Nagasaki: How I Learned to Hate the Atomic Bomb

A couple of weeks ago, I had the fortunate opportunity to travel to Nagasaki to visit the Institute of Tropical Medicine at Nagasaki University. Nagasaki, as many (depending on age) know, was the site of the second military atomic attack in history and the first and only plutonium bomb explosion. The explosion on Nagasaki killed 73,884, wounded another 74,909 and sickened hundreds of thousands in the years following the attack. More than 70% of those killed and wounded were women, children and the aged.

Rolling into Nagasaki, however, one would never know that anything ever happened. It is, by Japanese standards, a tiny town, worn down and clearly not nearly as blessed by the Japanese economic miracle as Kansai/Kanto, but a typical Japanese city, nonetheless. There is no subway in Nagasaki due the the unique and narrow configuration of the city along a river delta, but street cars run the length of Nagasaki and can quickly take one to any location. It is a beautiful city with a long and complicated history which has much more to offer than just the atomic bomb attack.

The city of Nagasaki operates an impressive museum on the atomic bomb attack, meticulously detailing its history, the attack itself and the long felt after effects. The museum complex is located not but 50 meters from the bomb site, which is memorialized through a peace and remembrance park. People from all over Japan regularly make the trip to visit the museum and I was not the only non-Japanese present. The presentation itself points no fingers at the United States but rather criticizes war and the horrific destructive power of atomic weapons. The human costs are well detailed through multimedia displays, actual pieces of burned and melted items, human remains, testimonials and data. As an American, it was an intense view of the great costs of Word War II, which are often ignored and mostly forgotten here likely due to the mass suppression of information regarding the horrific effects of the attacks. Unfortunately, American schoolchildren do not see photos of the intense devastation.

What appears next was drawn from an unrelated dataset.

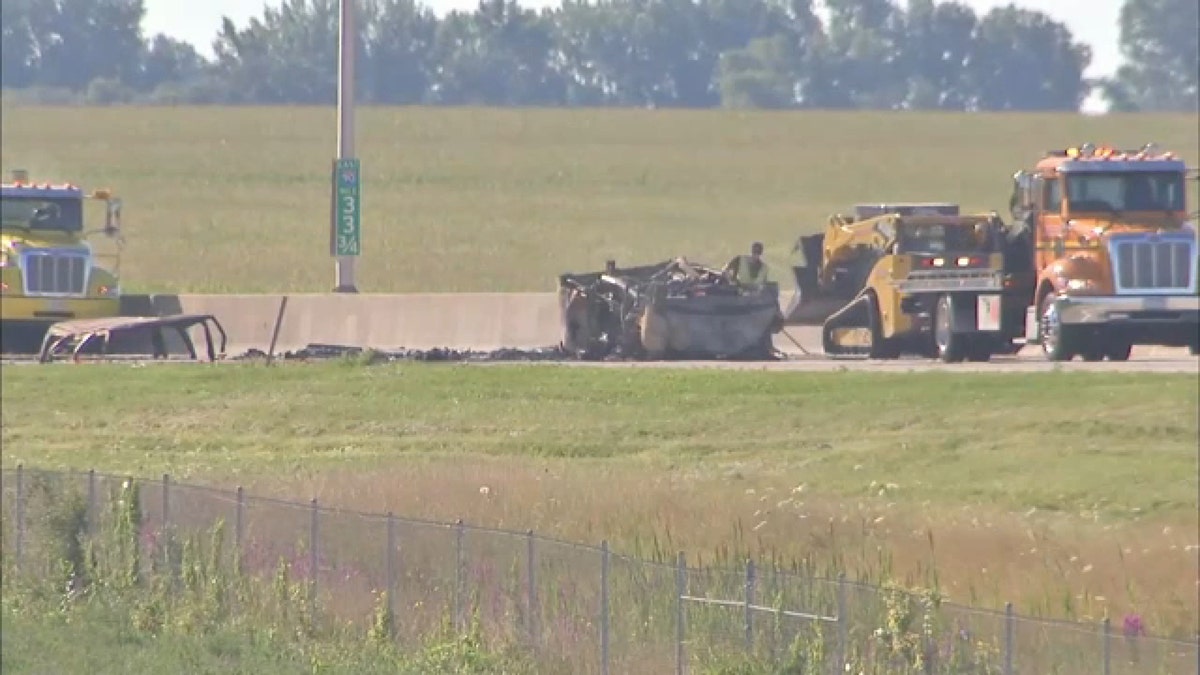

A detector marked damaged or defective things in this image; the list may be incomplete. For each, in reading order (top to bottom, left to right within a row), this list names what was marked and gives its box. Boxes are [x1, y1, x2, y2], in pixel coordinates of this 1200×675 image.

There are many in America who view the United States as a Christian country, and criticize, for example, Islam for it’s alleged savagery and backwards brutality. Yet, Christians were responsible for the death and destruction spread across Nagasaki. The atomic bombs were called a gift from God by Truman, yet would Christ himself have approved? Nagasaki is the heartland of Japanese Christianity, at one time providing home to the largest Christian cathedral in all of Asia. Christians in Nagasaki were routinely persecuted, killed and tortured by the Japanese authorities due to perceived economic exploitation by Portuguese merchants in the 16th century. Practicing Christians were forced to conceal their faith for nearly 300 years until the Meiji Restoration in 1868 and, to this day, the Christian influence is obvious in Nagasaki. Conversations with older Japanese people reveal that there was little support for the war all over Japan, but the residents of Nagasaki in particular were the least likely to be in support of the war and the least likely, outside of Okinawa, to have any measure of support for the mainland central government. Yet, the Americans saw fit to exterminate Japan’s largest Christian community and, in the process, burn the massive Cathedral which was situated not but 600 meters from the bomb site. One cannot discount the effect that years of propaganda depicting the Japanese as uniformly less human and calling for their total extermination (like insects) fueled the choice of Japan to serve as a principal attack site.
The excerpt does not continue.